** Directions for this task **
Give every entry again, unchanged, and leave its images out.
Data for the task START
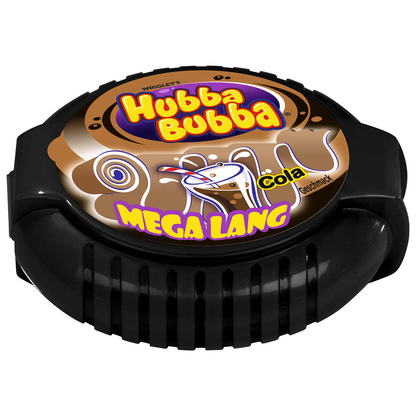 Artikelbild 2 für Hubba Bubba MEGA LANG Cola Kaugummis 1 Rolle, Artikelnummer 473247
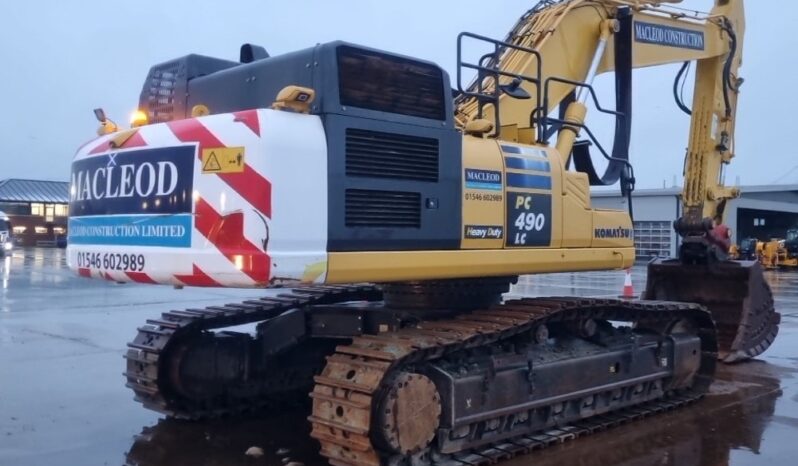 2020 Komatsu PC490LC-11E0 20 Ton+ Excavators For Auction: Leeds – 22nd, 23rd, 24th & 25th January 25 @ 8:00am full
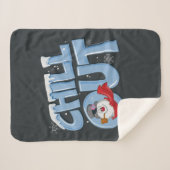 Couverture Sherpa Frosty the Snowman™ | Refroidissement (Devant (Horizontal))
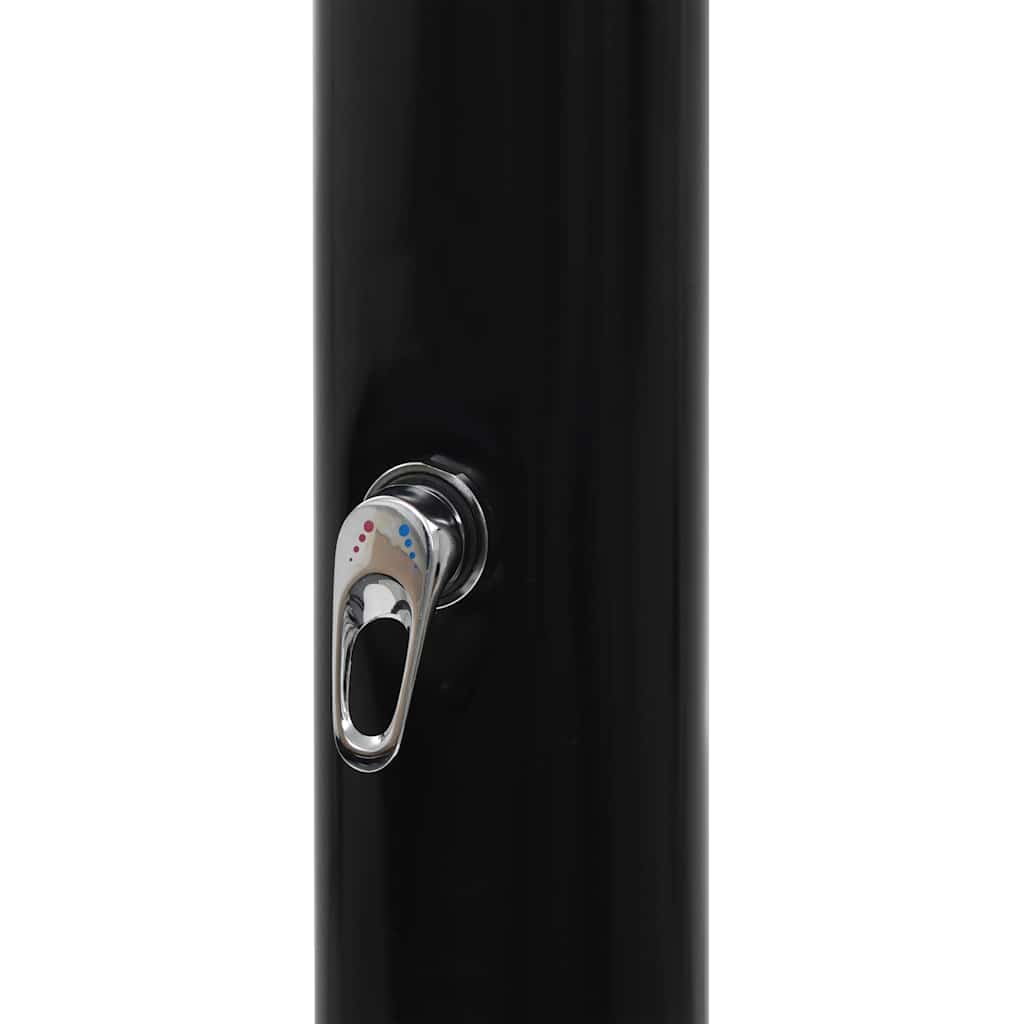 Solar Shower Black 196 cm 40 L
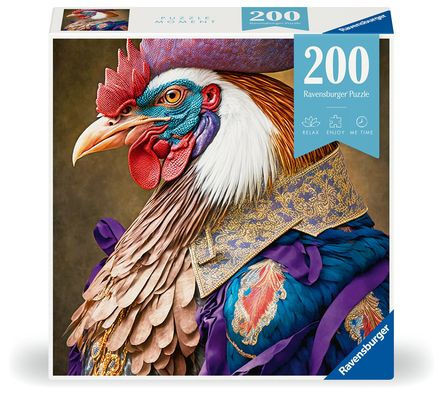 Puzzle Moments: Rooster General 200 Piece Puzzle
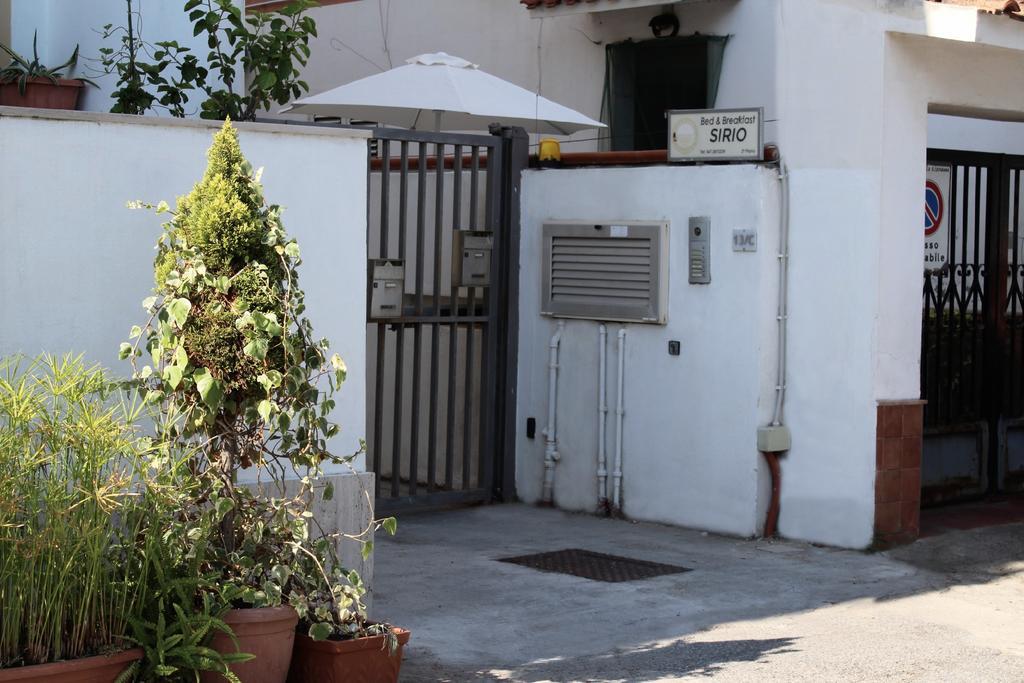 B&B Sirio Cannitello Екстер'єр фото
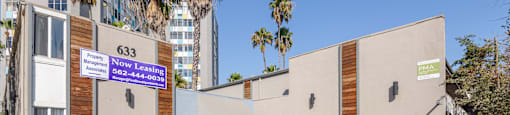 633 East 1st Street outside
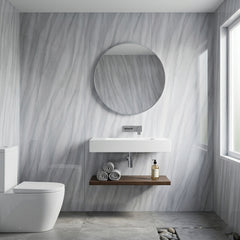 Grey Ocean PVC Wall Panel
Data for the task END
** Result of this task **
 Artikelbild 2 für Hubba Bubba MEGA LANG Cola Kaugummis 1 Rolle, Artikelnummer 473247
 2020 Komatsu PC490LC-11E0 20 Ton+ Excavators For Auction: Leeds – 22nd, 23rd, 24th & 25th January 25 @ 8:00am full
 Couverture Sherpa Frosty the Snowman™ | Refroidissement (Devant (Horizontal))
 Solar Shower Black 196 cm 40 L
 Puzzle Moments: Rooster General 200 Piece Puzzle
 B&B Sirio Cannitello Екстер'єр фото
 633 East 1st Street outside
 Grey Ocean PVC Wall Panel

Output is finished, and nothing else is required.